Recommended Age Range: Kindergarten through 4th grade.
Publisher's Summary: Max’s friend Billy Parker is tired of waking up wet, and wants to figure out how to stop his bedwetting. Max knows how. He used to wet the bed, and he is ready to share his proven plan for staying dry.
Dr. Annie's Takeaways
Recommended for: Written by a pediatrician, this book is excellent for a child who experiences regular bed-wetting and who is feeling embarrassed or ashamed of this. It very effectively destigmatizes nocturnal enuresis (i.e., nighttime bed-wetting) with its cool kid detective protagonist who shares that he wet the bed until he was 11-years-old, and it provides a few tips for reducing frequency of bed-wetting.
Would a child like it?

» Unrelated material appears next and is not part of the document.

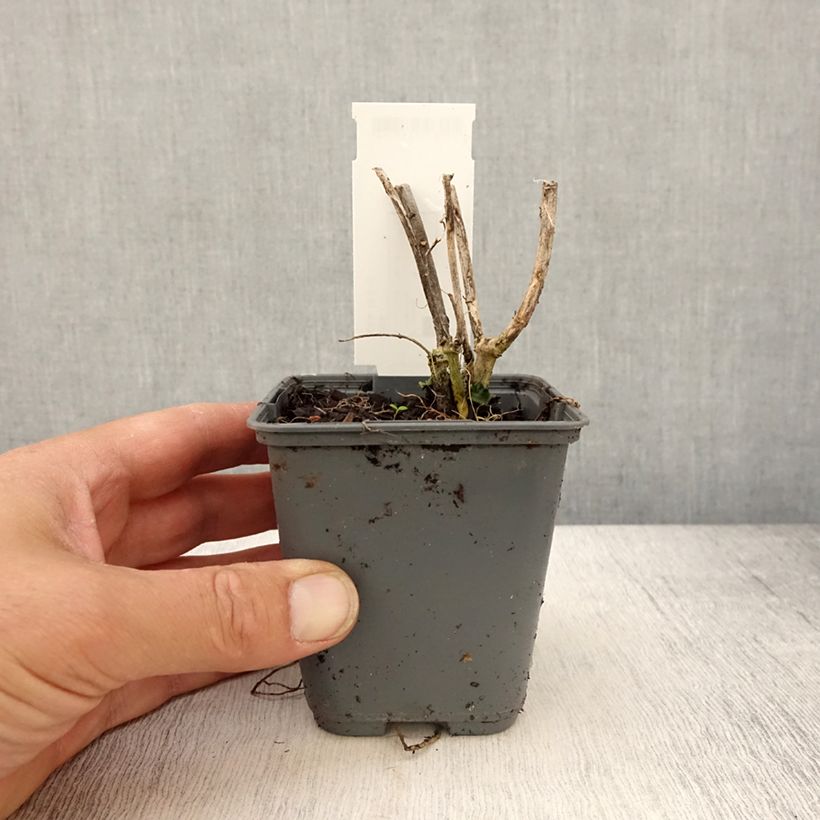 Amostra de Asclepias curassavica Vaso de 8/9 cm tal como entregue na primavera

A child dealing with bed-wetting will likely be incredibly relieved to hear that they aren’t the only one struggling to stay dry. The tips may provide some hope that there is something they can do to decrease bed-wetting.
Evidence-Based Practices: Psychoeducation
Tone: Validating, collaborative
Story Quality: This book is fabulously destigmatizing. Max is kind of cool (he’s a kid detective with a private eye vibe), and he right away shares that he struggled with bedwetting until he was 11-years-old. The book is somewhere between a picture book and an early chapter book. It’s divided into “chapters” and there are a lot of words on some of the pages, but most of the pages have a big, colorful illustration as well.

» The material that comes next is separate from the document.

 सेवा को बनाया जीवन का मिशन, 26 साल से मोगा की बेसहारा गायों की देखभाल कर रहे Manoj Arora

Illustrations: Cheerful cartoons with a teal and orange palette.
Representation: Max the detective is a White boy with a White mother and a White father. Max lives on a city street with attached homes and diverse neighbors. Billy is an 8-year-old White boy who wants to stop wetting the bed. Although nocturnal enuresis is more common in boys than girls, I wish this story included more diversity.

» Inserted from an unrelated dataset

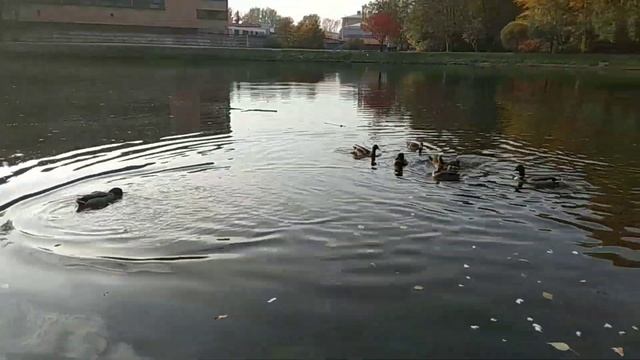 кормлю уток в парке влог смотреть онлайн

Psychological Practices: I chose this story for how destigmatizing it is of nocturnal enuresis. Max’s mom reminds his dad early on in the story that “no one wets the bed on purpose.” Max tells Billy how common bed-wetting is, and he shares about the anatomy of urine production and expulsion to demystify it. Max shares several tips with Billy to help increase the likelihood that he’ll stay dry overnight, including making sure to poop regularly (to decrease pressure on one’s bladder), paying attention to the signals of needing to pee throughout the day, and rehearsing having to pee at night and getting out of bed to use the toilet. Dr. Bennett is a pediatrician, and I am not, so these are likely helpful tips, but I cannot vouch for them. It is important to consult with a child’s pediatrician about these strategies.